▸ **Work order**: For this exercise, retype all the data exactly and exclude every image.

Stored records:

────────────────

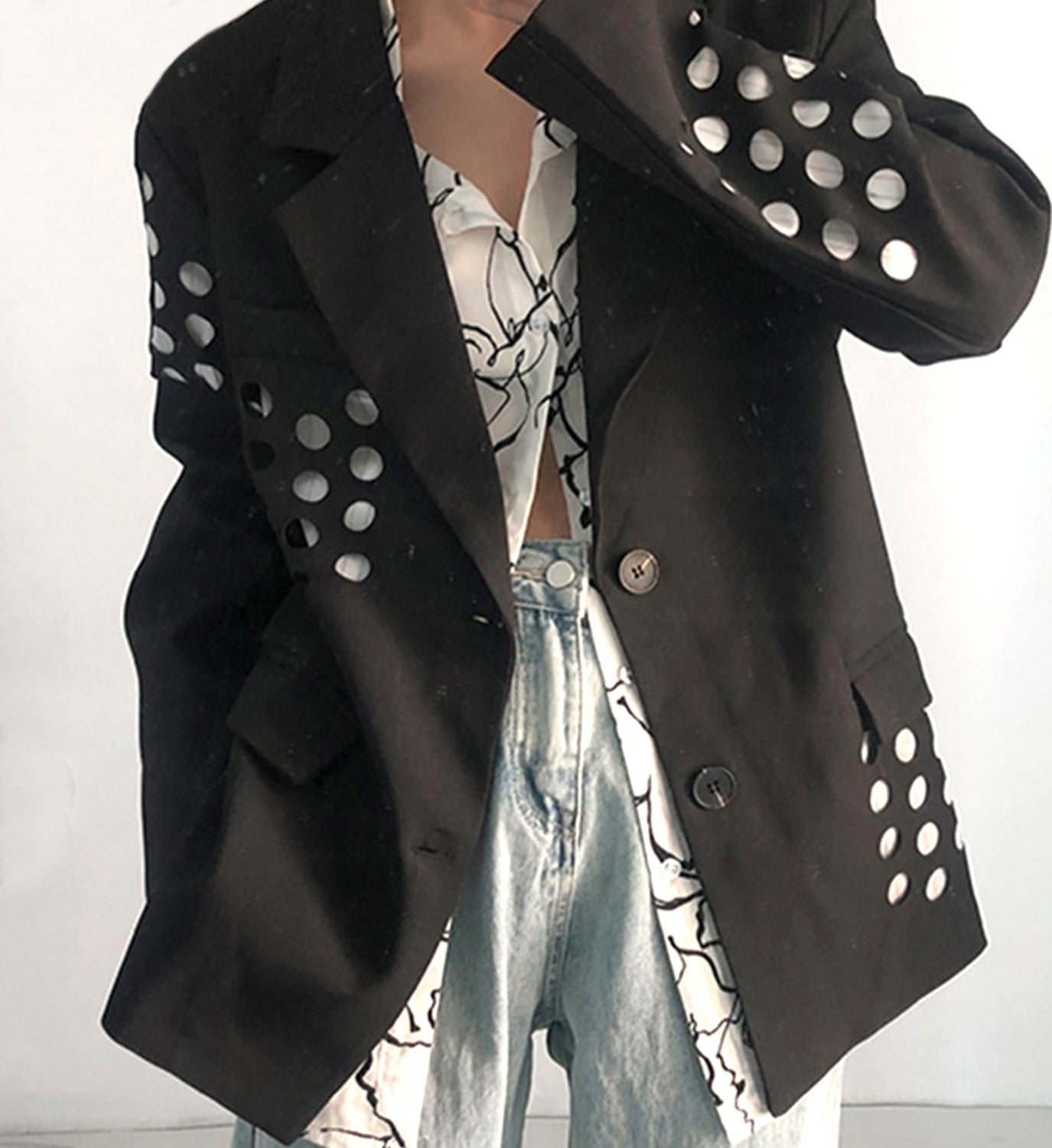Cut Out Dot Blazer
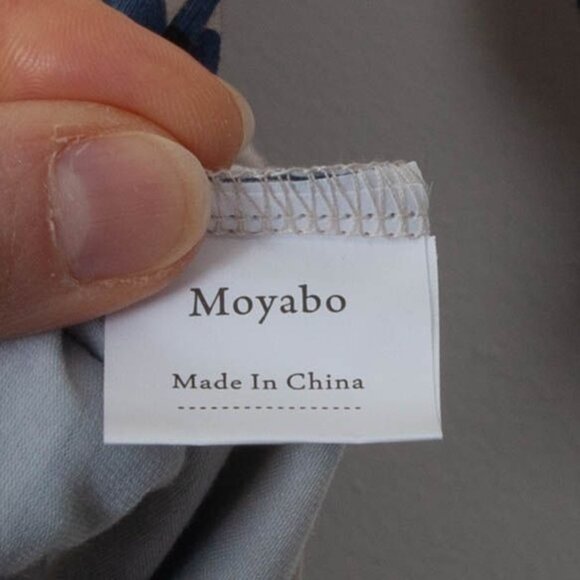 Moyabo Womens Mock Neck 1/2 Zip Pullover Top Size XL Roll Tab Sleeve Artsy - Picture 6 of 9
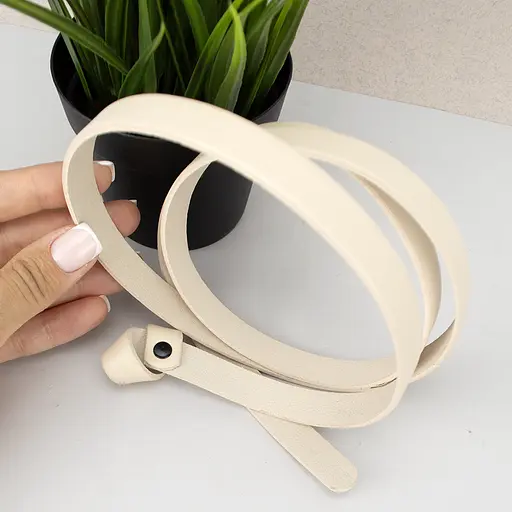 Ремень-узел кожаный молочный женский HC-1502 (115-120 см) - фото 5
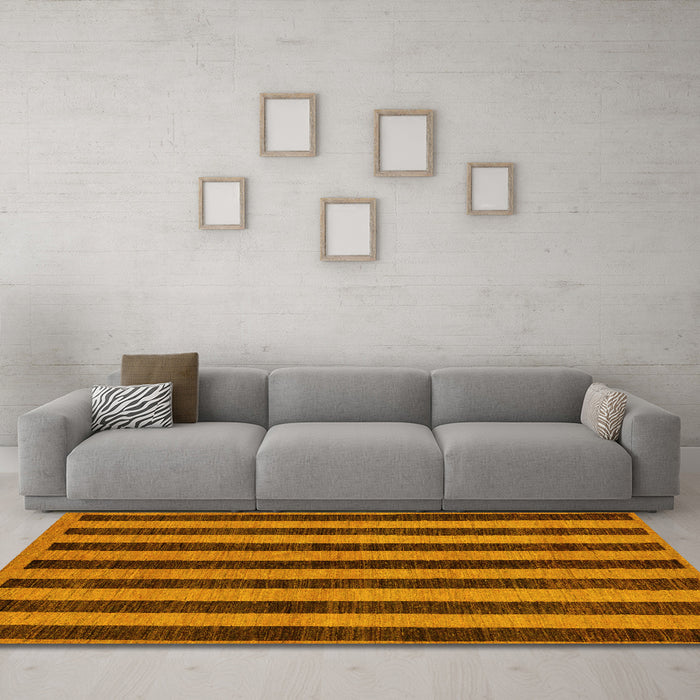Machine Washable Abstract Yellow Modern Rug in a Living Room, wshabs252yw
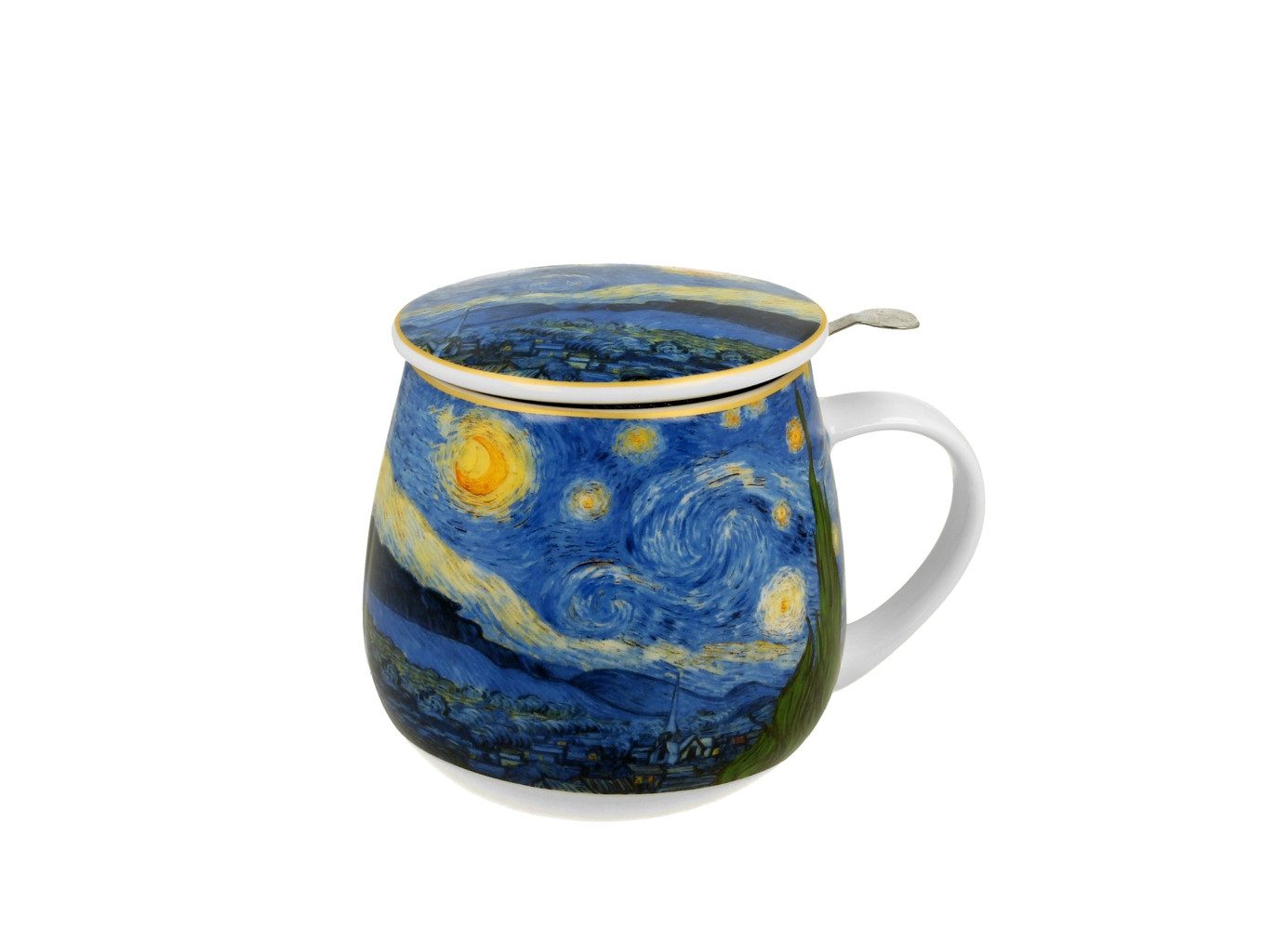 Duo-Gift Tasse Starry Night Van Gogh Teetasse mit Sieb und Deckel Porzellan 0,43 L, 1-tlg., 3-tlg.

────────────────

▸ **Exercise answer**:
Cut Out Dot Blazer
 Moyabo Womens Mock Neck 1/2 Zip Pullover Top Size XL Roll Tab Sleeve Artsy - Picture 6 of 9
 Ремень-узел кожаный молочный женский HC-1502 (115-120 см) - фото 5
Machine Washable Abstract Yellow Modern Rug in a Living Room, wshabs252yw
 Duo-Gift Tasse Starry Night Van Gogh Teetasse mit Sieb und Deckel Porzellan 0,43 L, 1-tlg., 3-tlg.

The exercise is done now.